[Collected data Boundary: Start]

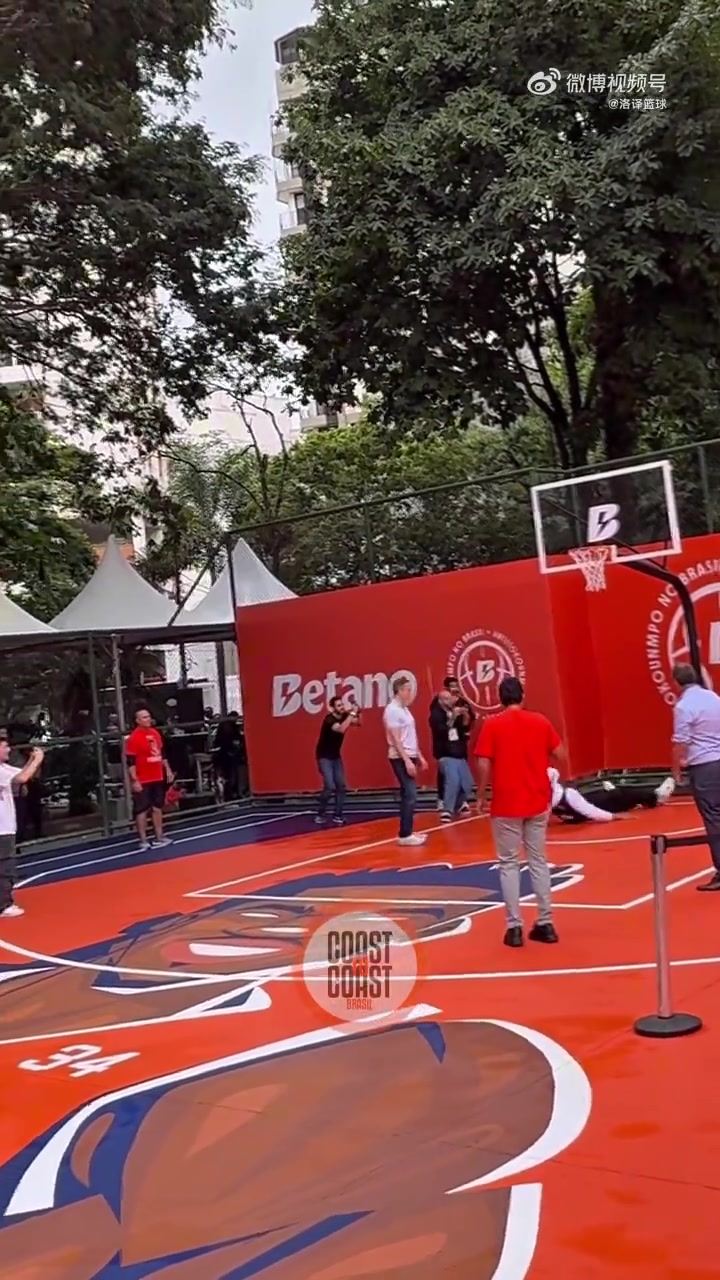 致敬庫里地滑之秀字母哥在野球場要扣籃時居然尷尬滑倒了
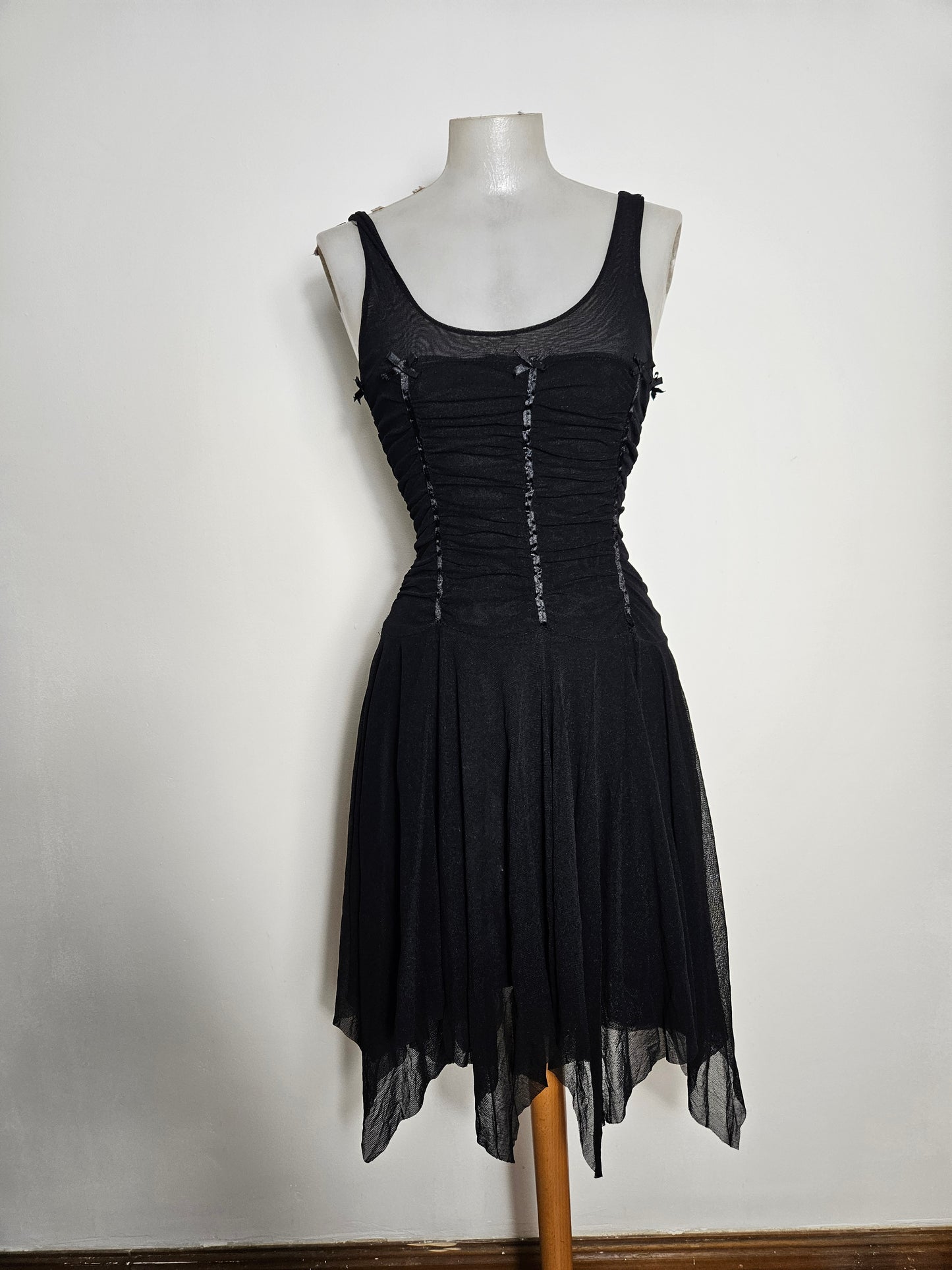 Robe asymétrique noire à rubans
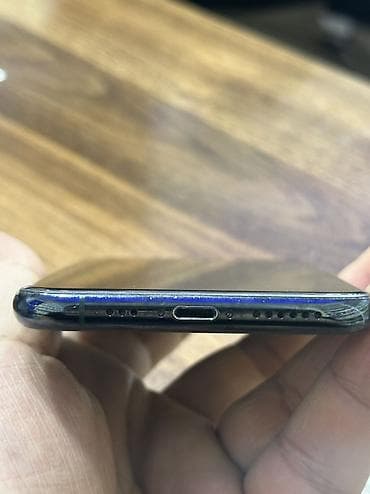 iphon 8 plus: IPhone 11 Pro, 256 GB, Matte Midnight Green, Barmaq izi, Simsiz şarj, Face ID — 8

[Collected data Boundary: End]

## What needs to be done
Return the whole listing word for word, minus its pictures.

## Result below
 致敬庫里地滑之秀字母哥在野球場要扣籃時居然尷尬滑倒了
 Robe asymétrique noire à rubans
 iphon 8 plus: IPhone 11 Pro, 256 GB, Matte Midnight Green, Barmaq izi, Simsiz şarj, Face ID — 8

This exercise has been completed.